One night, while Damián and Agripina were traveling in Mexico, Aurelio woke up bathed in perspiration. It was three o’clock and he had had a harrowing nightmare. He had dreamt that Damián was buried alive inside one of the pyramids of Tenochtitlán and was calling out desperately, begging Aurelio to rescue him. At the foot of the pyramid there was a plumed serpent carved in stone with its jaws open wide. It looked like a water spout but was actually an
almoducto
, a pipe through which the souls of the sacrificed traveled from the center of the pyramid to the outside.

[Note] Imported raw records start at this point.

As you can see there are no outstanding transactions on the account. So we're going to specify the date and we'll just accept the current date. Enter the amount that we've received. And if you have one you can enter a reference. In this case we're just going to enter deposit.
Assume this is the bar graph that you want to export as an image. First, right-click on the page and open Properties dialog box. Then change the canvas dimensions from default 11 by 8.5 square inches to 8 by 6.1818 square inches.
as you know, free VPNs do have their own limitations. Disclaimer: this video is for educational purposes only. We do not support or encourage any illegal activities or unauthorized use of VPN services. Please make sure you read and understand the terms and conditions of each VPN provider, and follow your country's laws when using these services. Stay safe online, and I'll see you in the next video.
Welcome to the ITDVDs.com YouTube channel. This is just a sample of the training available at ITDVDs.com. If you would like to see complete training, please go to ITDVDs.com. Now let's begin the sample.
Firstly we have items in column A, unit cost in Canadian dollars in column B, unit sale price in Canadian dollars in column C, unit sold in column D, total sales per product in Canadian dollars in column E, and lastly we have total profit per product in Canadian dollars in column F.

“If you stand in front of the pyramid for a few minutes, you’ll see Damián’s soul come out of the stone pipe and be able to take it home with you,” Aurelio heard somebody say in his dream. “But his body belongs to us. He’ll be buried in Mexico, because when he was alive you never listened to him.”

Father got out of bed. His heart was racing. He crossed the terrace, walked over to the piano in the living room, and started playing. Nothing helped. Suddenly the telephone rang. It was Agripina, calling from Mexico City. Damián had just died. They were having dinner at a restaurant in La Zona Rosa when he felt an acute stab of pain in his chest. By the time the ambulance got him to the hospital, he was dead.

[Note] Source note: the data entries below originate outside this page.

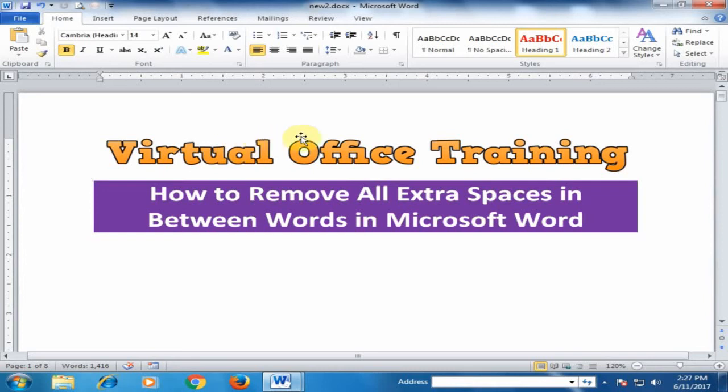Welcome to the virtual office training. Today we will learn how to remove all extra spaces in between words in Microsoft Word.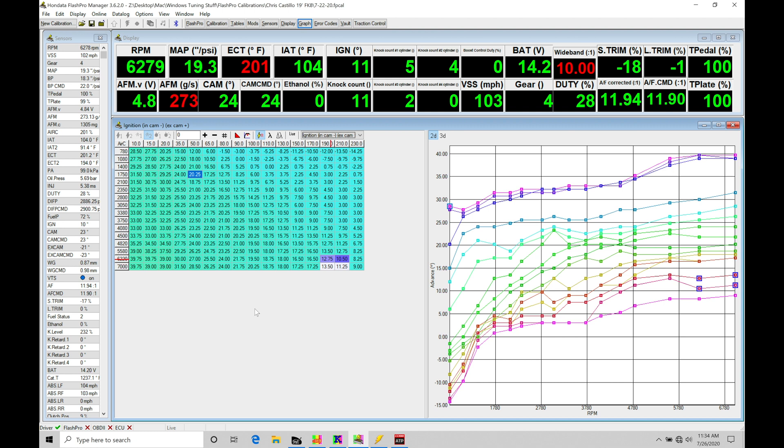He wanted to bring it in and have me look at this. So we put it on the dyno and I started to just drive part throttle with the existing Honda file that he used. It was just a basic intercooler and exhaust file for 93 octane. I noticed immediately when I was driving at part throttle conditions, what he described as a knocking or misfiring sound was misfire, and it was generated based on the fuel pressure scattering all over the place.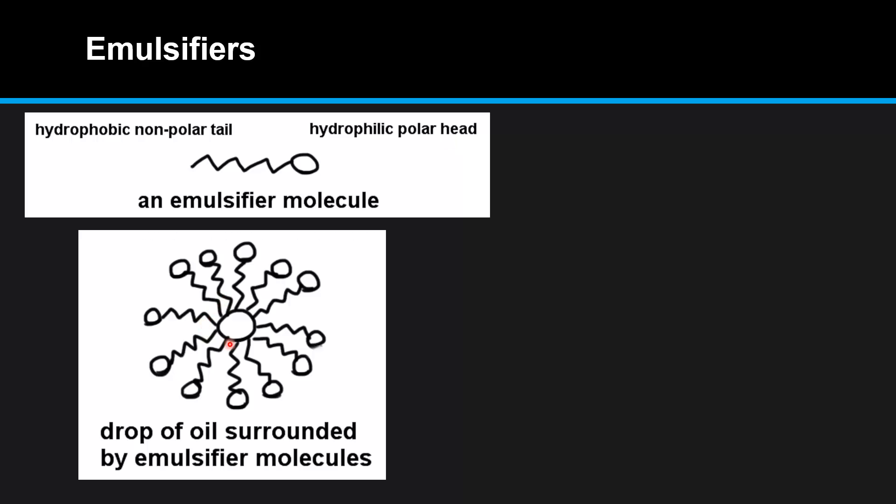So here we have a drop of oil surrounded by emulsifier molecules. The hydrophobic non-polar tails are soluble in fat, and the hydrophilic polar heads are soluble in water.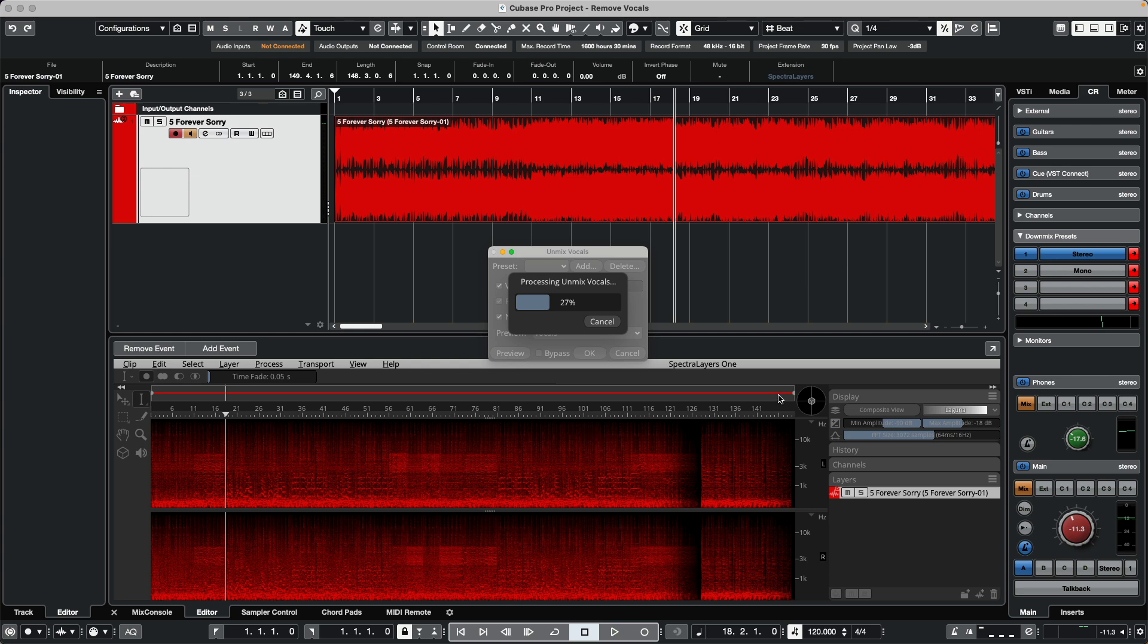As we do this, it's going to do an analysis of the audio recording and it will break the vocals into a separate layer that we'll see pasted directly here.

Father flew to Mexico City and drove immediately to the hotel where Tía Agripina was staying. Damián’s body was still in the morgue. On the way there, Aurelio asked her if the doctors had discovered the cause of Damián’s death.

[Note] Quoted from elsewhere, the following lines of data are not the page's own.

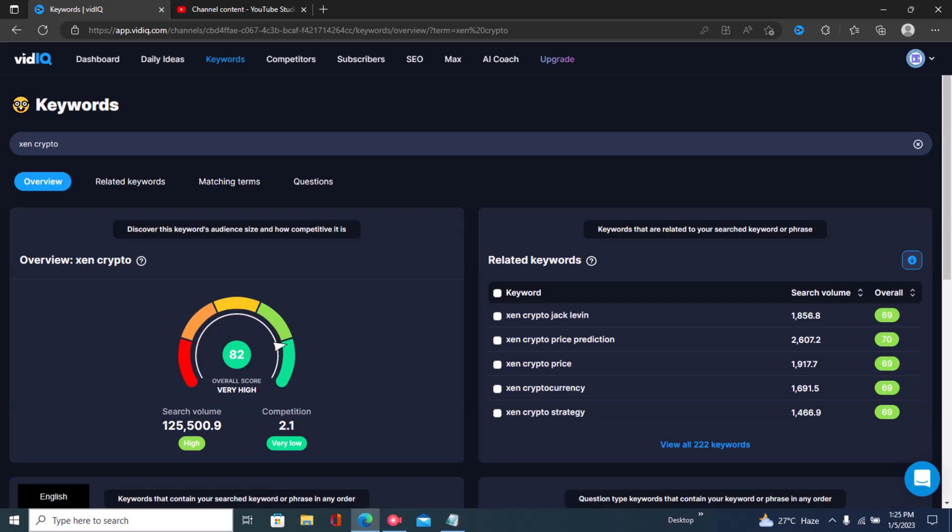This measures the average or estimate of the search volume in the past month, so just know that it's something that can change over time — it could go up next month or come down to around 120 or 100. So now you know the overall score, the competition, and the search volume.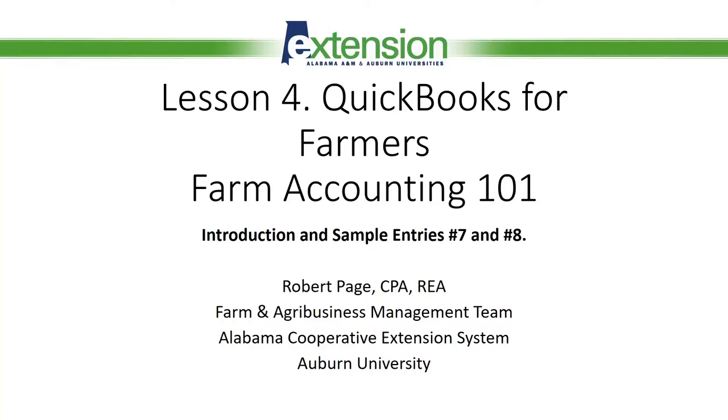Welcome to this Farm Accounting 101 presentation on QuickBooks for Farmers. Today we will be covering Lesson 4, Introduction and Sample Entries Number 7 and 8.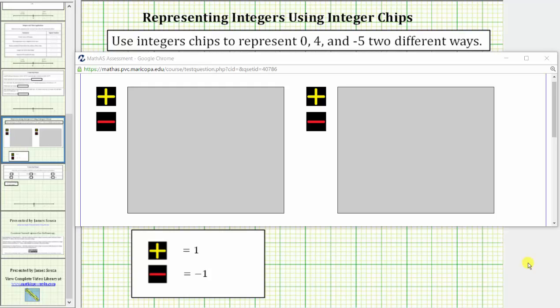We are asked to use integer chips to represent 0, 4, and negative 5 two different ways. A positive chip equals positive 1, a negative chip equals negative 1.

“They wanted to do an autopsy and I wouldn’t let them. But he probably died of a heart attack,” she answered, trying to hold back the tears. “We’re at almost eight thousand feet here, and Damián’s heart was weakened by the electroshocks. It never occurred to us when we planned the trip to Mexico City, but he probably couldn’t stand the altitude.”

Aurelio thought her theory was plausible. He took her in his arms and tried to console her. Then Agripina added: “When he was dying in the ambulance, around one o’clock in the morning, Damián kept calling out your name. He wanted you to come and get him. He was convinced that only you could save him.”

Aurelio felt his hair stand on end but he didn’t tell Agripina that he had heard Tío Damián calling out to him in his dream at that very hour. Since Mexico was two hours ahead of Puerto Rico, it was then three o’clock in San Juan. In the meantime, the Mexican authorities were alleging that, since the cause of death was unknown, Tío Damián’s body couldn’t leave the country until a thorough criminal investigation was conducted. A mandatory autopsy had to be performed and it could take several months because Tío Damián had to wait his turn. Aurelio was furious. He wasn’t going to let the Aztecs cut his brother up or leave parts of him behind. He was going to get him out of the country in one piece if he had to bribe half the Mexican government to do it. It cost him ten thousand dollars, but three days later they were on their way to the island with the body.